TASK GOAL –
Each record, word for word and stripped of pictures, is what the answer should contain.

(Stored data entries)
============

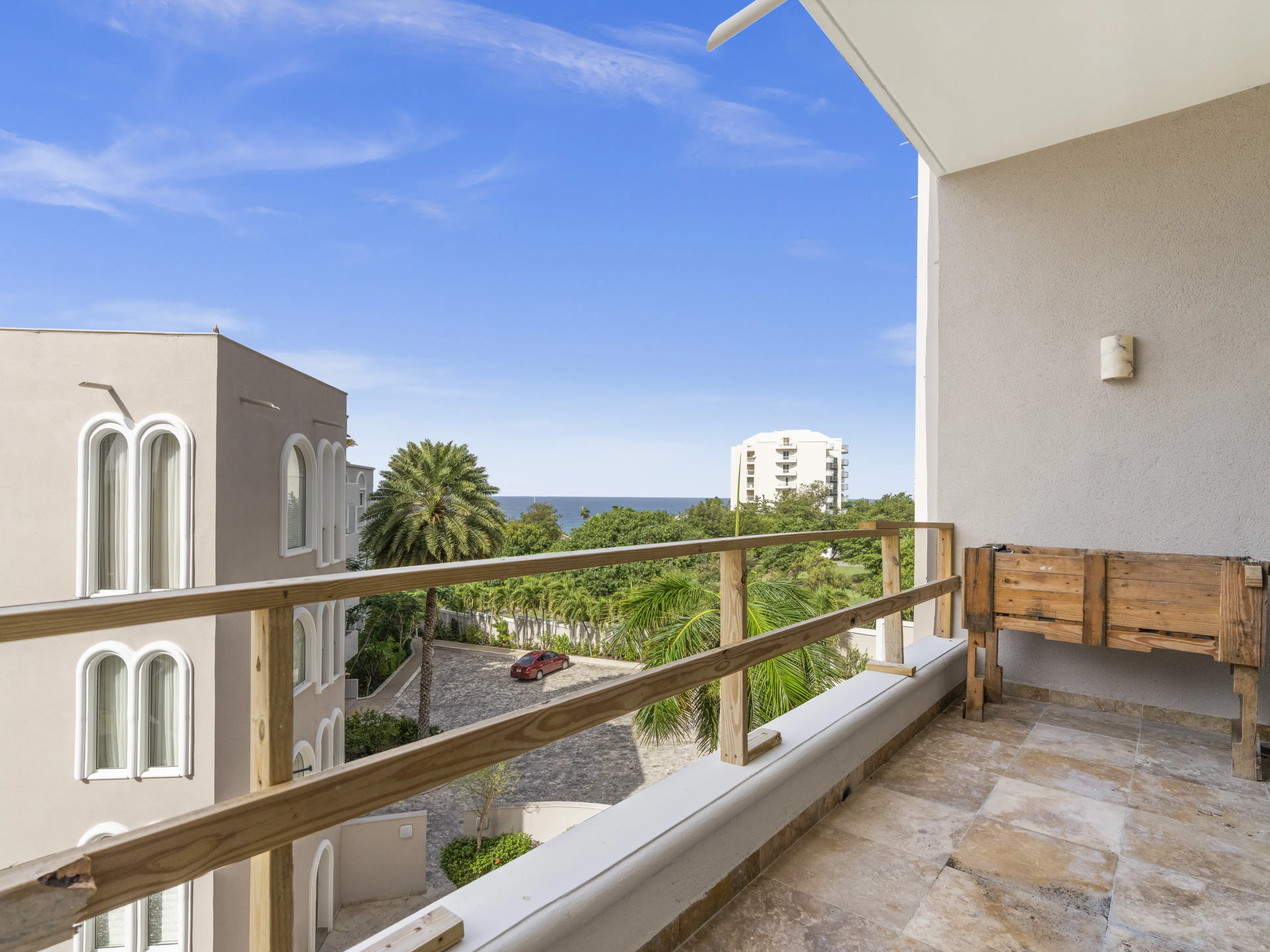 Appartement (G-16/A23) gelegen in Tower Building van Rainbow Beach Club te Sint Maarten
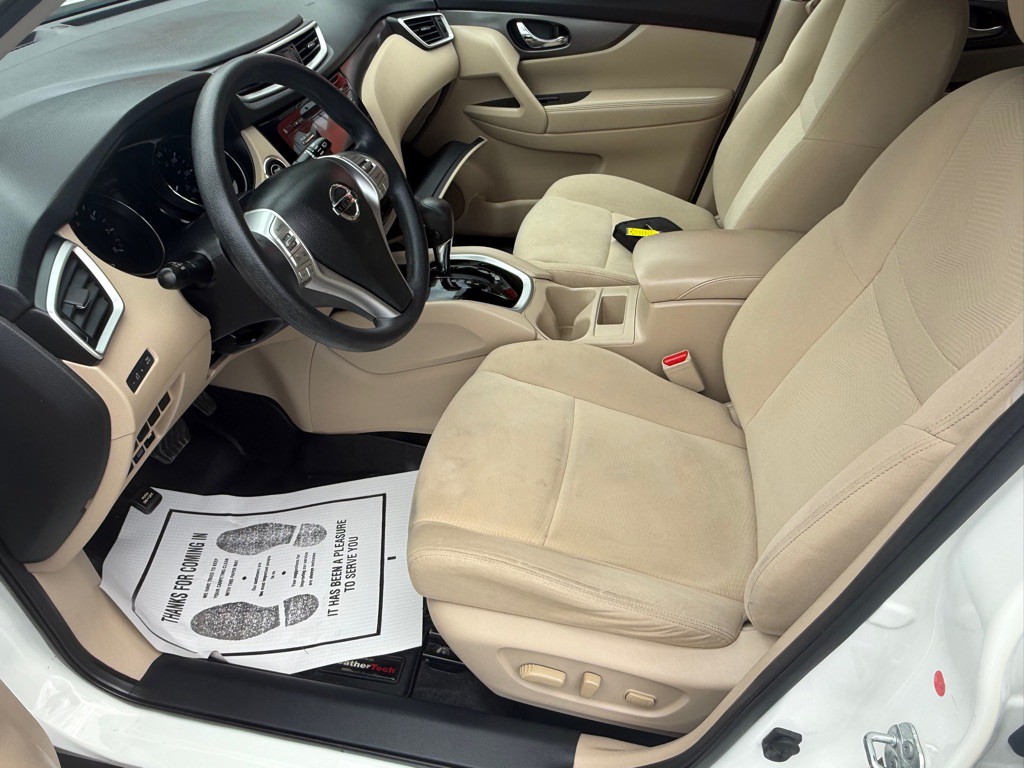 2016 Nissan Rogue Image 22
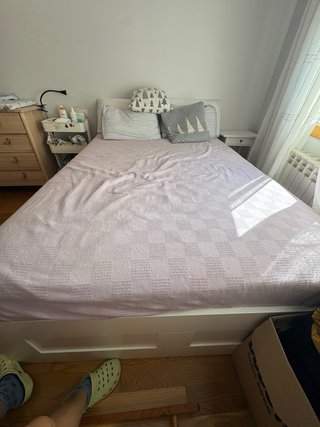 Cama Brinmes Ikea 140x200 con cajones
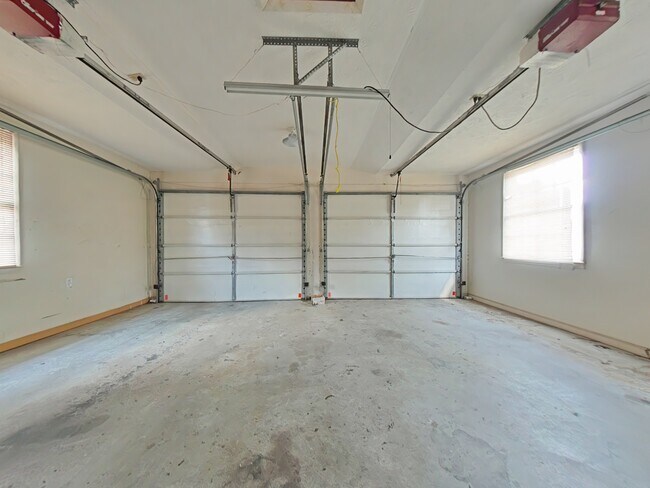 Building Photo - 239 Rainier Dr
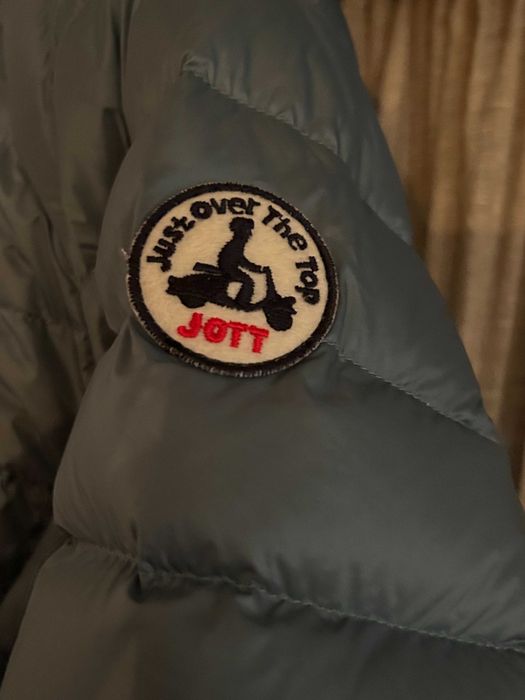 Casaco de penas marca JOTT -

============

WRITTEN SOLUTION –
 Appartement (G-16/A23) gelegen in Tower Building van Rainbow Beach Club te Sint Maarten
 2016 Nissan Rogue Image 22
 Cama Brinmes Ikea 140x200 con cajones
 Building Photo - 239 Rainier Dr
 Casaco de penas marca JOTT -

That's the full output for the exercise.